── PROVIDED INFORMATION ──

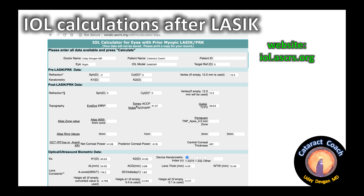In all the boxes we fill in whatever data we have. We had the NIDEC APP of 41.37, placed in the middle of the page. To the right of that is the GALILEI TCP2 of 39.63. We don't have ATLAS or Pentacam measurements. We do have the OCT (RT View), so we enter the net corneal power of 41.08, posterior power of minus 6.16, and central corneal thickness. At the bottom is the biometer data: K values, axial length, anterior chamber depth, lens thickness, and white-to-white. Lens constants are personalized per surgeon.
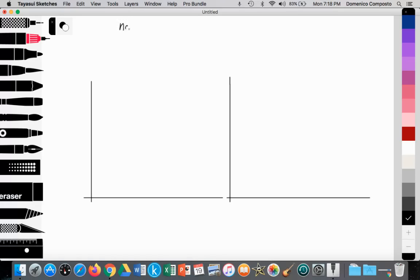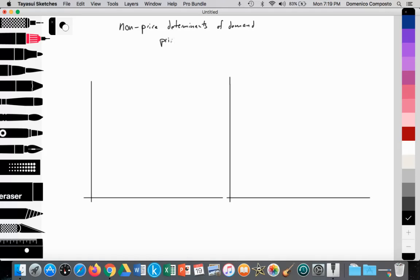In class you've been learning about non-price determinants of demand, which are variables other than price that impact the demand curve to either shift it outward or inward. There are several: income, tastes and preferences, future price expectations, the number of consumers or the size of the market, and the price of related goods. That's what we'll be looking at today — the price of related goods, and specifically substitute goods.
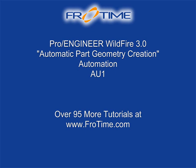Next, AU2 is actually based on an assembly and swapping out components. So go ahead and download AU2 from FroTime.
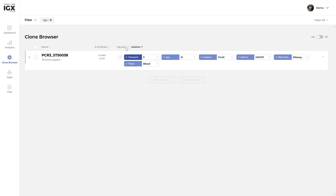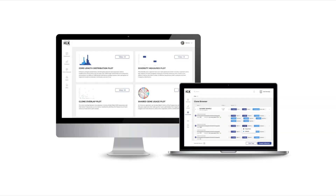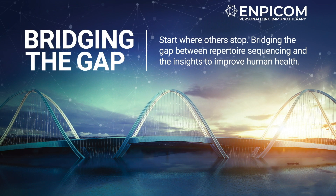This brief overview of the clone browser shows how the IGX platform takes the hassle out of organizing your repertoire sequencing data, and helps you to discover crucial, powerful insights quickly and efficiently.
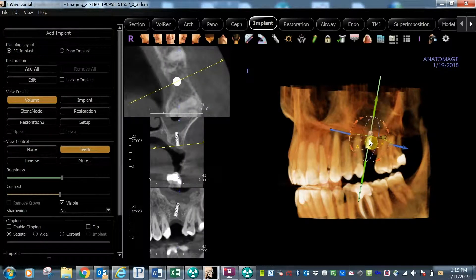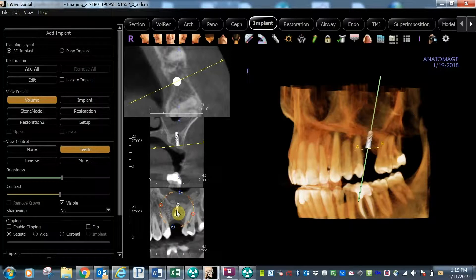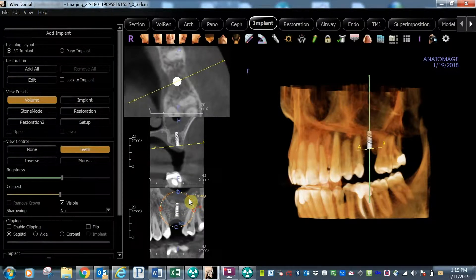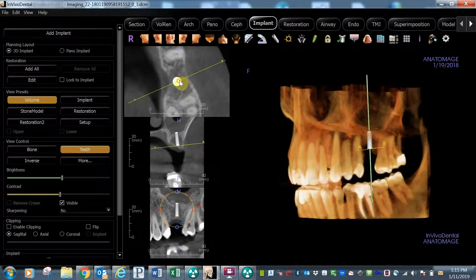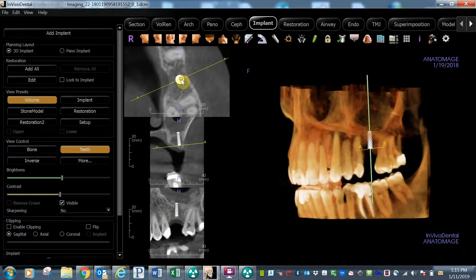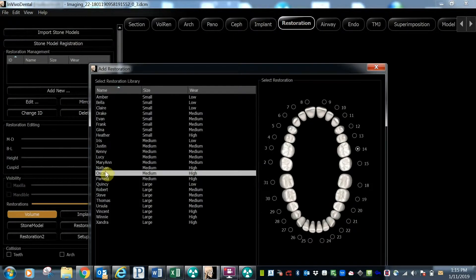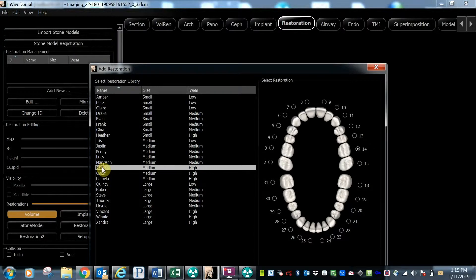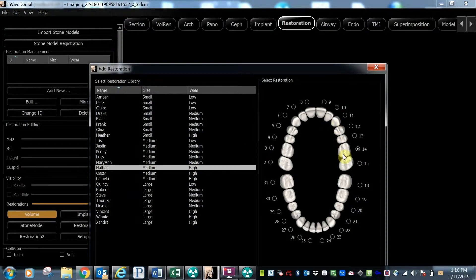In this view, you can adjust the implant as needed. When your implant is positioned correctly, select the Restoration tab. You will then be given the option to select a tooth from a generic library of sizes and wear patterns. The tooth number will be automatically selected.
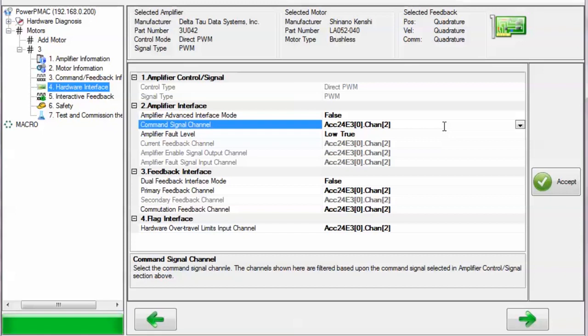And then if we added motor 4, it would be on channel bracket 3. But that's not what we want. We want to leave it at 2, and so forth.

───

HOW TO COMPLETE THIS TASK →
Begin with the first line of the entries above and write out each line exactly, ending with the line containing "In this view, you". Leave out pictures.

RESULT FOR THIS TASK →
In all the boxes we fill in whatever data we have. We had the NIDEC APP of 41.37, placed in the middle of the page. To the right of that is the GALILEI TCP2 of 39.63. We don't have ATLAS or Pentacam measurements. We do have the OCT (RT View), so we enter the net corneal power of 41.08, posterior power of minus 6.16, and central corneal thickness. At the bottom is the biometer data: K values, axial length, anterior chamber depth, lens thickness, and white-to-white. Lens constants are personalized per surgeon.
In class you've been learning about non-price determinants of demand, which are variables other than price that impact the demand curve to either shift it outward or inward. There are several: income, tastes and preferences, future price expectations, the number of consumers or the size of the market, and the price of related goods. That's what we'll be looking at today — the price of related goods, and specifically substitute goods.
Next, AU2 is actually based on an assembly and swapping out components. So go ahead and download AU2 from FroTime.
This brief overview of the clone browser shows how the IGX platform takes the hassle out of organizing your repertoire sequencing data, and helps you to discover crucial, powerful insights quickly and efficiently.
In this view, you can adjust the implant as needed. When your implant is positioned correctly, select the Restoration tab. You will then be given the option to select a tooth from a generic library of sizes and wear patterns. The tooth number will be automatically selected.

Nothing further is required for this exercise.